- Opening Delimiter -

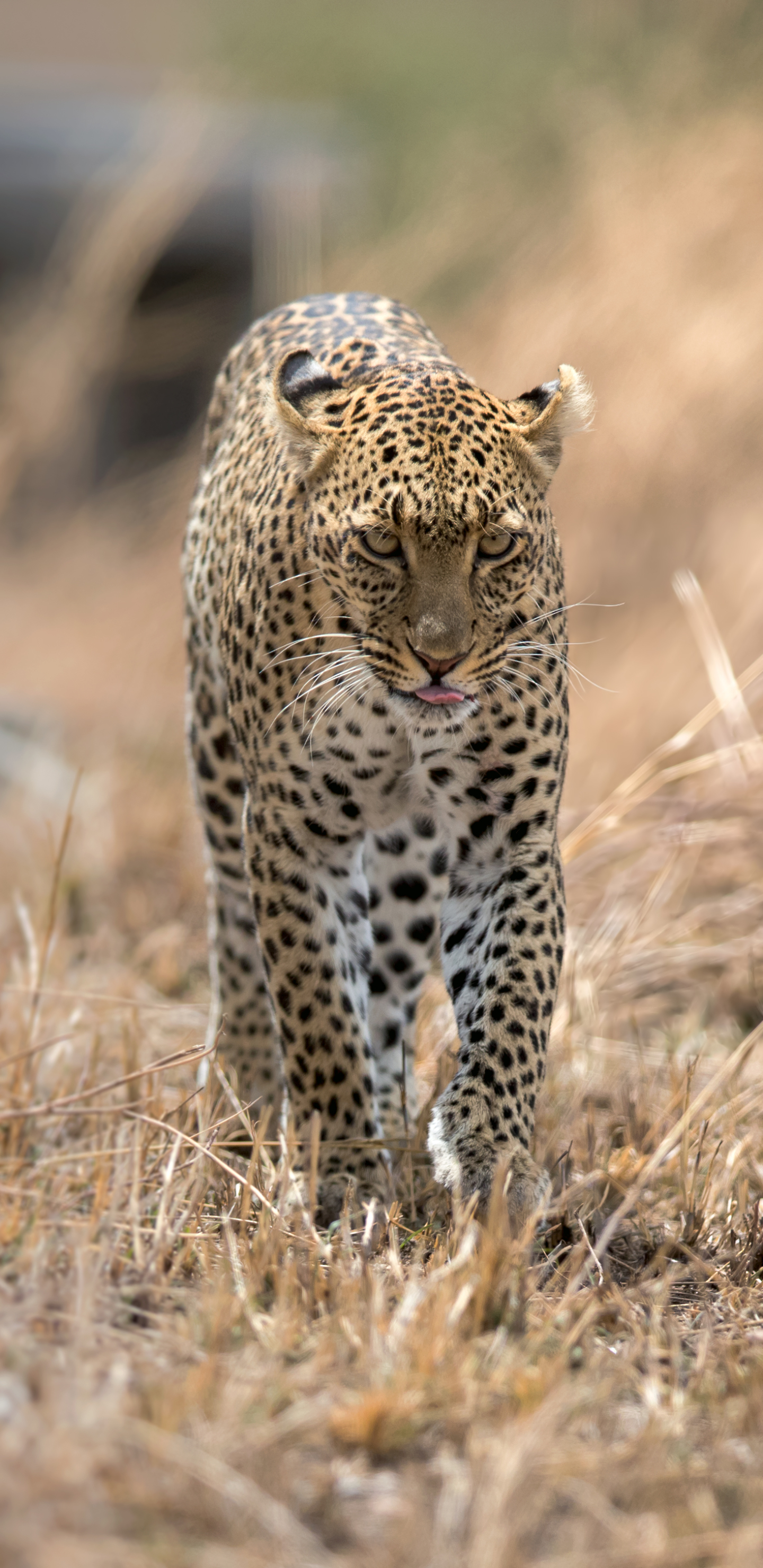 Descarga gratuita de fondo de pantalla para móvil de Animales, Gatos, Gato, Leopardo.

- Closing Delimiter -
- Opening Delimiter -

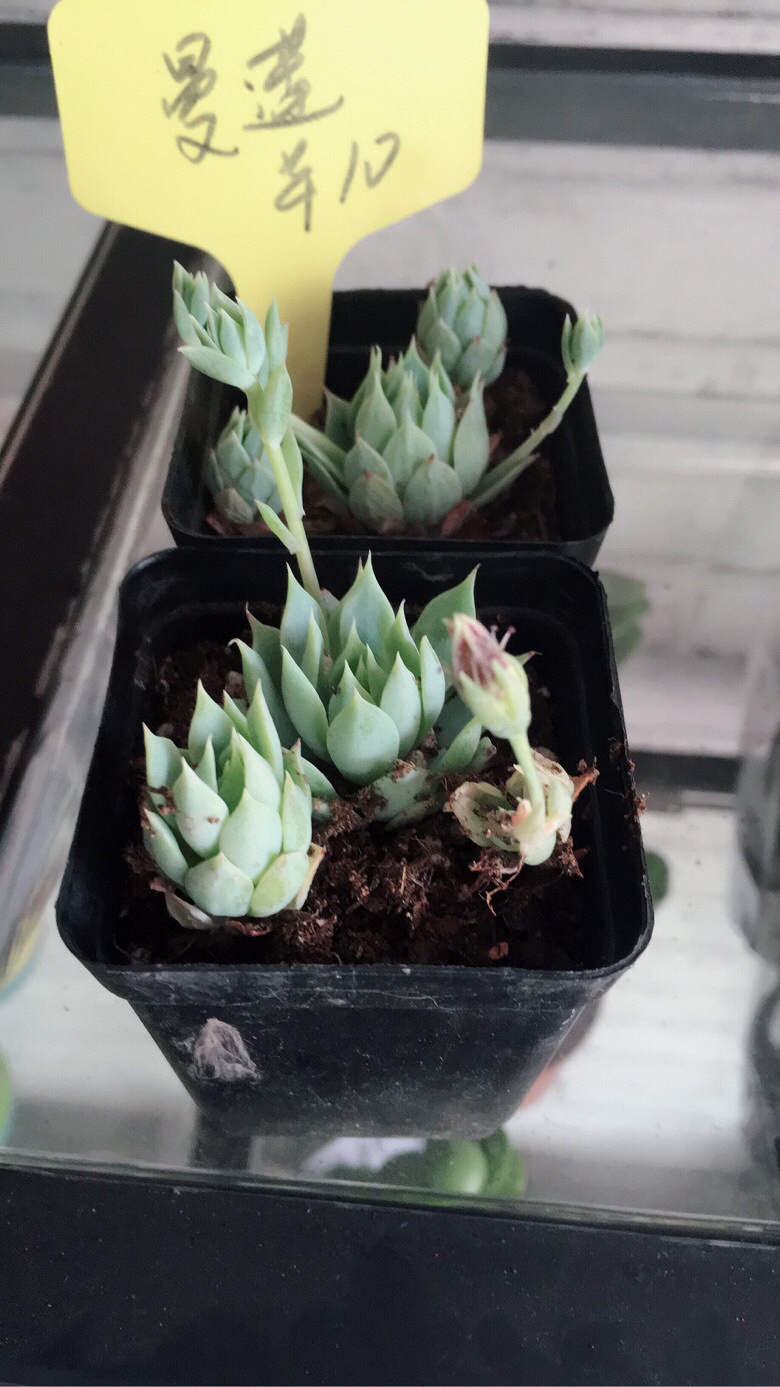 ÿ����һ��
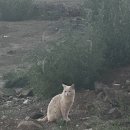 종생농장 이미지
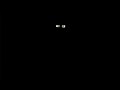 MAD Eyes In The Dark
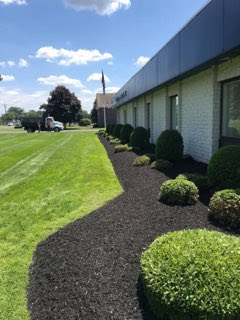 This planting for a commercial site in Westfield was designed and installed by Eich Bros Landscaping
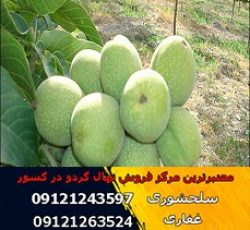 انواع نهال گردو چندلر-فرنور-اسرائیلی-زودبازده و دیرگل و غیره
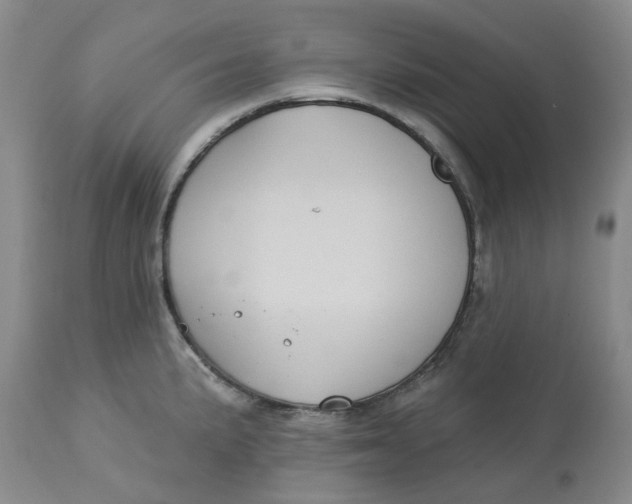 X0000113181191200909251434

- Closing Delimiter -

TASK INSTRUCTIONS: The lines to copy exactly start with the line above that has "MAD Eyes In The Dark" and go on through the line that has "X0000113181191200909251434"; please include both, add nothing else, and omit the pictures.

FINISHED TASK:
 MAD Eyes In The Dark
 This planting for a commercial site in Westfield was designed and installed by Eich Bros Landscaping
 انواع نهال گردو چندلر-فرنور-اسرائیلی-زودبازده و دیرگل و غیره
 X0000113181191200909251434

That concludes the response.